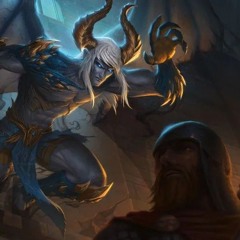 Vell Choppo ft LeeGotem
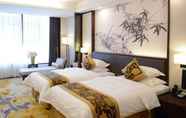 Kamar Tidur 7 Greentree Eastern Tongcheng Economic Development D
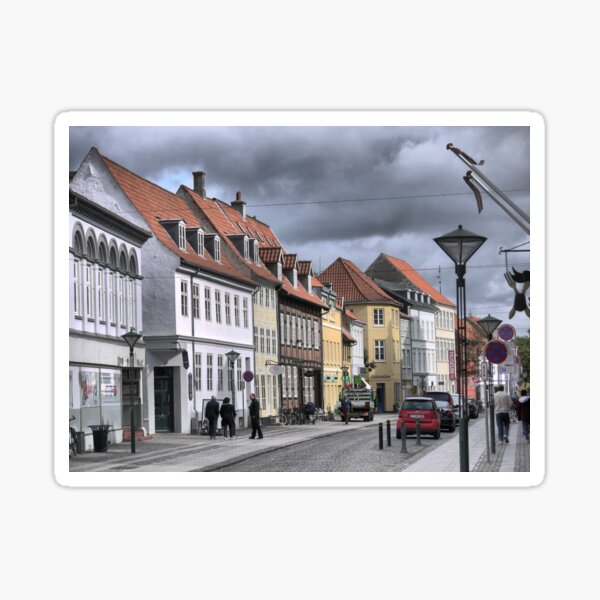 Item preview, Odense  ( 2 ) designed and sold by Larry Davis.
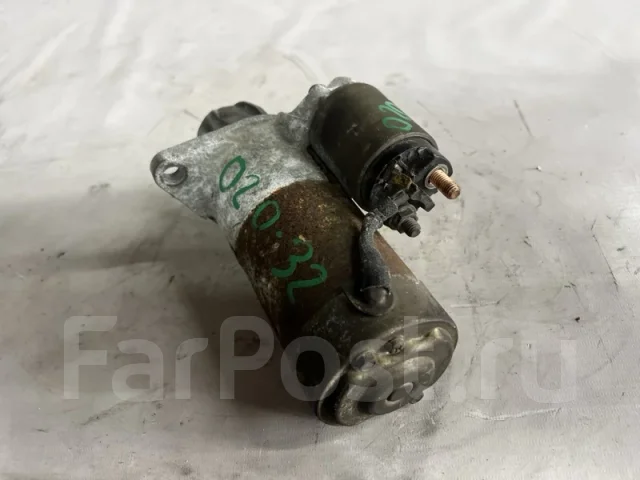 ������� Subaru Legacy Lancaster BG9 EJ25 ����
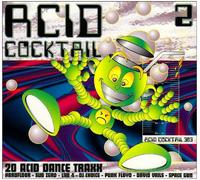 Various - Acid Cocktail 2 [Import]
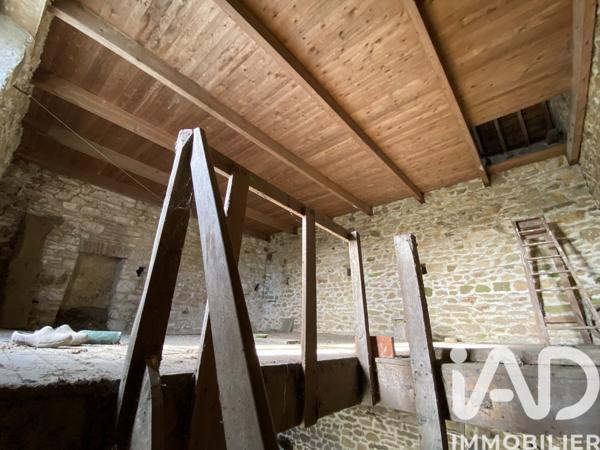 Maison à vendre 6 pièces 101,8 m² Plésidy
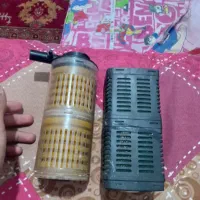 فیلتر هوا  آکواریو
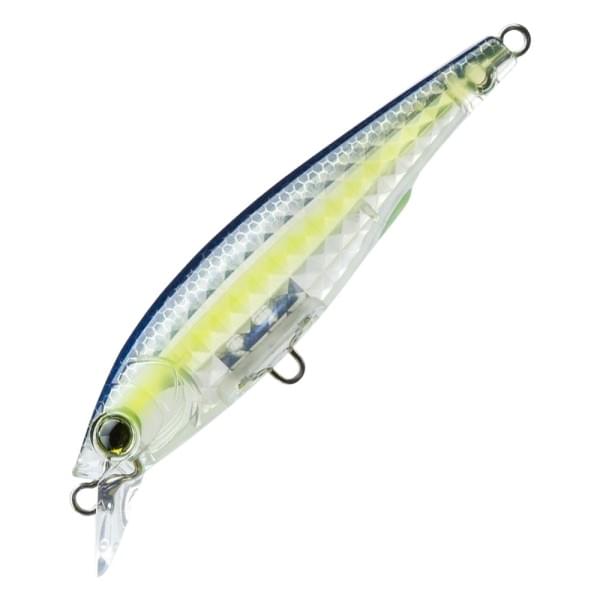 Воблер Yo-Zuri 3DR-X Jerkbait 80F R1436-GSSH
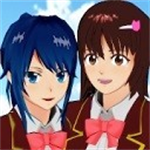 樱花校园模拟器2024版v2.2 无限金币版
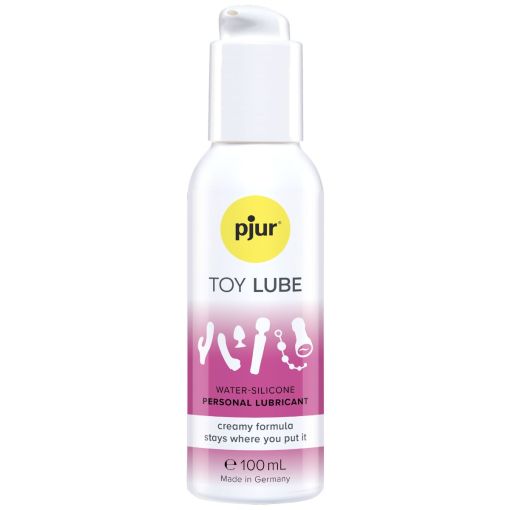 Pjur Toy Lube 100ml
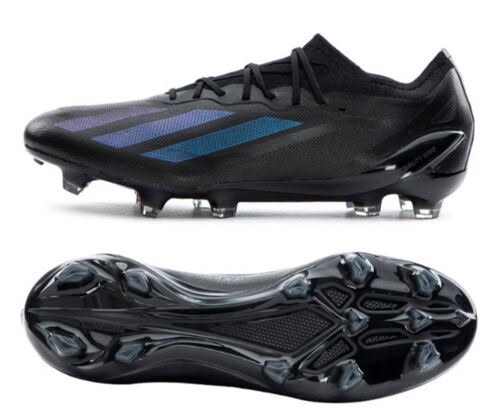 Adidas X Crazyfast .1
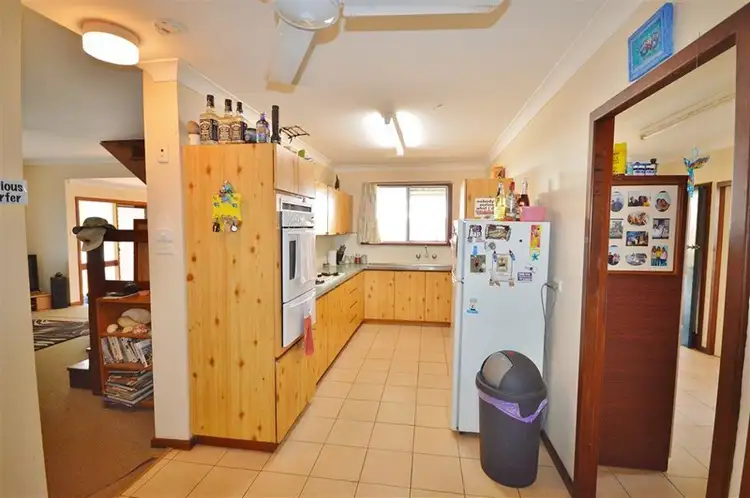 Fifth view of Homely house listing, 13 Hasleby Street, Kalbarri WA 6536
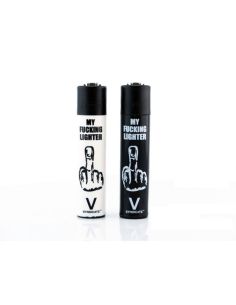 Comprar CLIPPER MY FUCKING LIGHTER CLIPPER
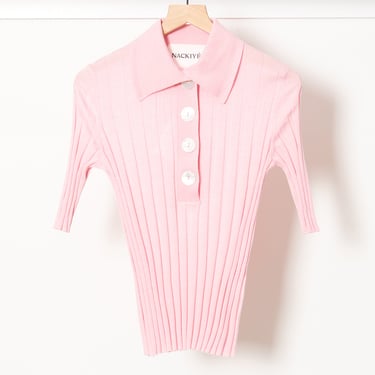 Sugarman Knit Polo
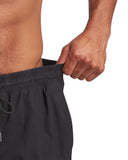 Mens Track Pant - Black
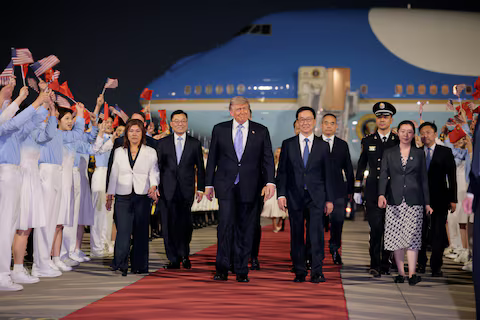 Trumр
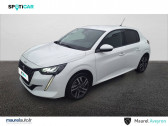 Peugeot 208 occasion boite Manuelle Annonce Peugeot 208 occasion Diesel 208 BlueHDi 100 S&S BVM6 Allure Business 5p à VILLEFRANCHE DE ROUERGUE
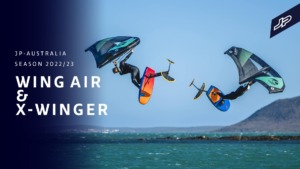 ウイング フォイルWing Surfing Air V1 4m2 STARBOARD x AIRUSH スターボード エアラッシュ FREEWINGGO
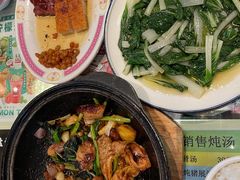 -吴系粤菜馆·茶餐厅(深业上城店)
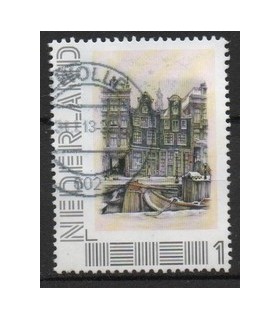 Anton Pieck Herenhuis (o) 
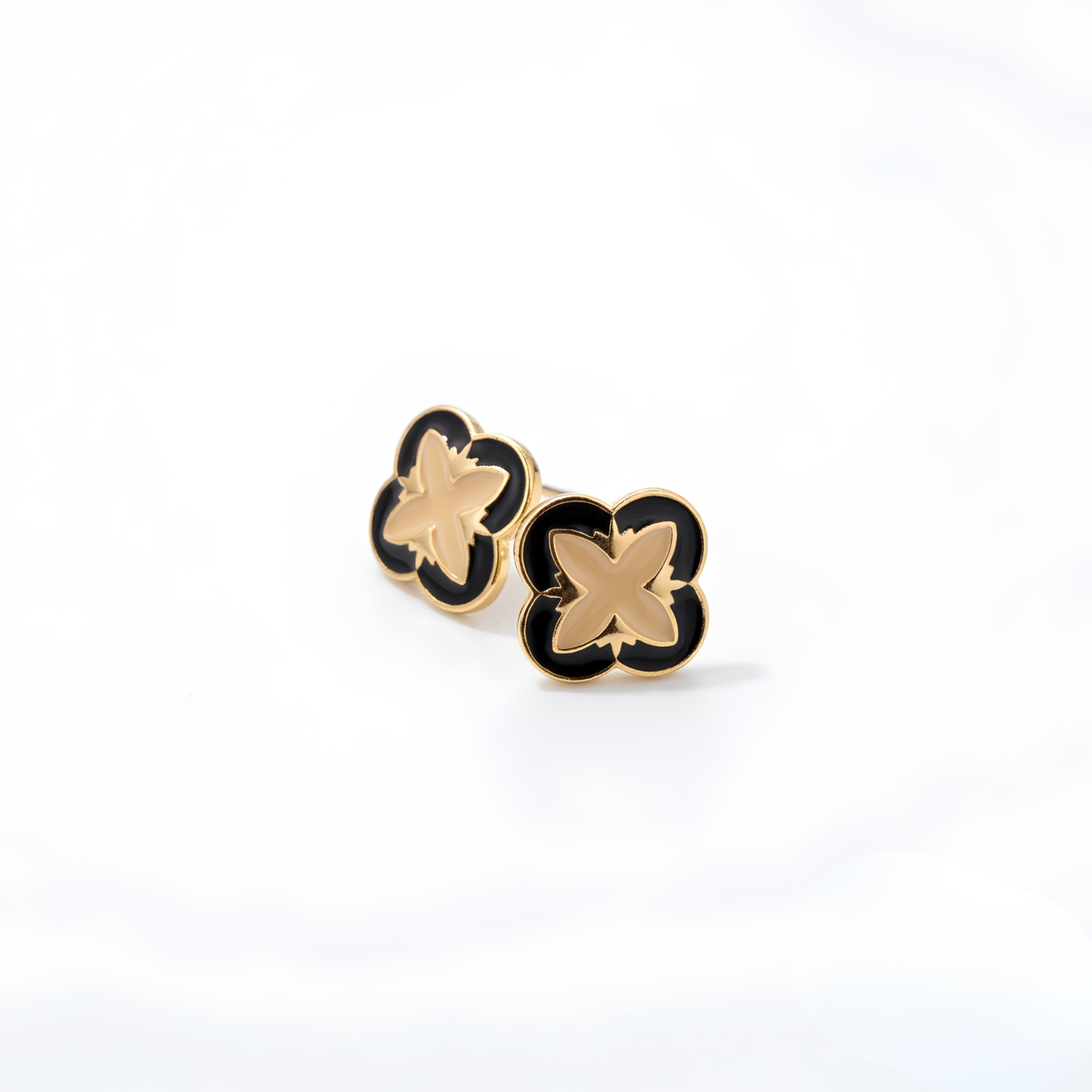 Melpomene Earring BCF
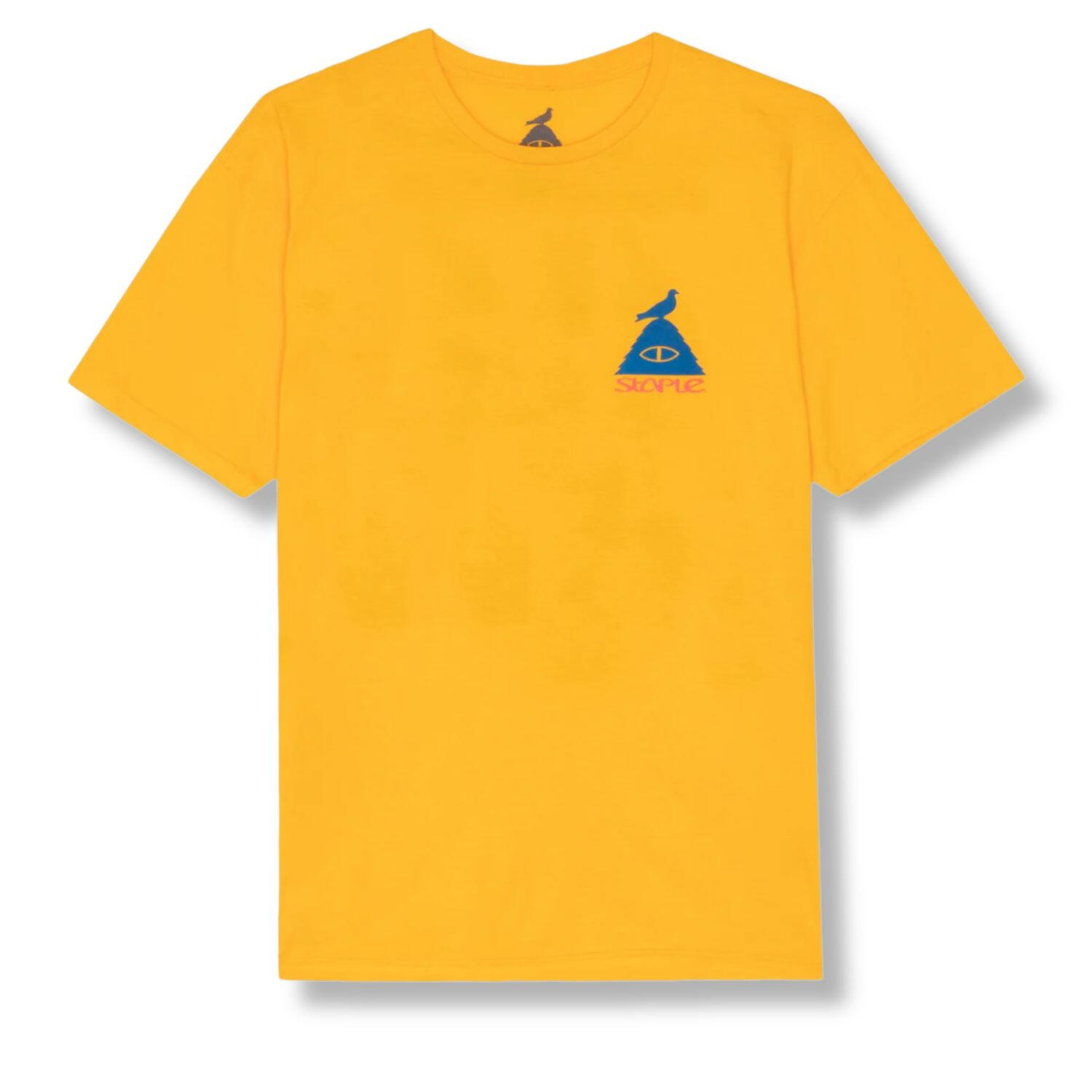 Koszulka turystyczna męska Poler X Staple Outdoor Stuff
* * * *
TRY IT =>
Omit the pictures and write out exactly the lines from the one containing "Item preview, Odense" through the last line of the material.

SOLUTION TO THIS PROBLEM =>
 Item preview, Odense  ( 2 ) designed and sold by Larry Davis.
 ������� Subaru Legacy Lancaster BG9 EJ25 ����
 Various - Acid Cocktail 2 [Import]
 Maison à vendre 6 pièces 101,8 m² Plésidy
 فیلتر هوا  آکواریو
 Воблер Yo-Zuri 3DR-X Jerkbait 80F R1436-GSSH
 樱花校园模拟器2024版v2.2 无限金币版
 Pjur Toy Lube 100ml
 Adidas X Crazyfast .1
 Fifth view of Homely house listing, 13 Hasleby Street, Kalbarri WA 6536
 Comprar CLIPPER MY FUCKING LIGHTER CLIPPER
 Sugarman Knit Polo
 Mens Track Pant - Black
 Trumр
 Peugeot 208 occasion boite Manuelle Annonce Peugeot 208 occasion Diesel 208 BlueHDi 100 S&S BVM6 Allure Business 5p à VILLEFRANCHE DE ROUERGUE
 ウイング フォイルWing Surfing Air V1 4m2 STARBOARD x AIRUSH スターボード エアラッシュ FREEWINGGO
 -吴系粤菜馆·茶餐厅(深业上城店)
 Anton Pieck Herenhuis (o) 
 Melpomene Earring BCF
 Koszulka turystyczna męska Poler X Staple Outdoor Stuff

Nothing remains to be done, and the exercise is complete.